Week 4: Studying Colour Scripts

A part of week 4’s exercises tasked us with taking colour scripts from existing animated stills and analysing their effect on the audience; in terms of atmosphere. The video lectures by Sarah Dargie were incredibly interesting on this subject; it explained how subconsciously we recognise emotion through colour (for example; red communicates danger or passion, etc) and how we perceive an image based on the colour composition (for example; primary colours indicate playfulness, complimentary suggests conflict, and analogous can portray harmony).

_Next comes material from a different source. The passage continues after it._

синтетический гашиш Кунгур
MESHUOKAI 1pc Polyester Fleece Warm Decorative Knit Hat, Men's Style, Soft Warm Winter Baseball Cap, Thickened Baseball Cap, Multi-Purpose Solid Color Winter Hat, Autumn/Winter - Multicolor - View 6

For the colour study task I chose 3 films I really love, Kill Bill (the animated sequence from volume 1), Corpse Bride and NausicaƤ of the Valley of the Wind.

When exploring the use of colour in the Kill Bill scene, I believe the most notable attribute is the muted primary colour scheme. O-Ren’s skin is of a yellowish hue, allowing the vibrant red blood to stand out brightly, and the blue background helps create a visually pleasing still image. Although primary colour schemes are seen as mostly playful and childish, the Kill Bill scene contrasts this with ridiculous violence (O-Ren herself is a child in the sequence, adding more contrast to the violent, adult themes of the scene).

In Corpse Bride the colours are vibrant and exuberant, the neon green lighting almost sickly and unnerving against the deep purples of the shadows; helping portray the scene’s theme of extraordinary and unnatural whimsy. In this scene the complementary colour scheme is used to be both creepy (green and purple are staple colours of Halloween for example) and playful.

I thought it was interesting to see NausicaƤ’s contrasting colour palettes, any time we see the toxic jungle the foliage is lush and the colours are mostly analogous blue hues, giving a sense of calm and balance, even crawling with giant insects the toxic jungle appears to have an organised system. Yet elsewhere in the world, the settlements made by man (aside from the valley of the wind) are dull and on the surface very monochromatic, clearly showing there is no life to be found in the cities, even before we see the destroyed city of Pejite we have the sense that this dystopian world is lifeless, dreary and barren, the vast plains of sand and clouds of brown dust portray this early on.

I found these studies to be fascinating and very helpful for when I began the other tasks, it is interesting how colour itself can wordlessly influence our views of the world and even our own emotion upon seeing the scenes.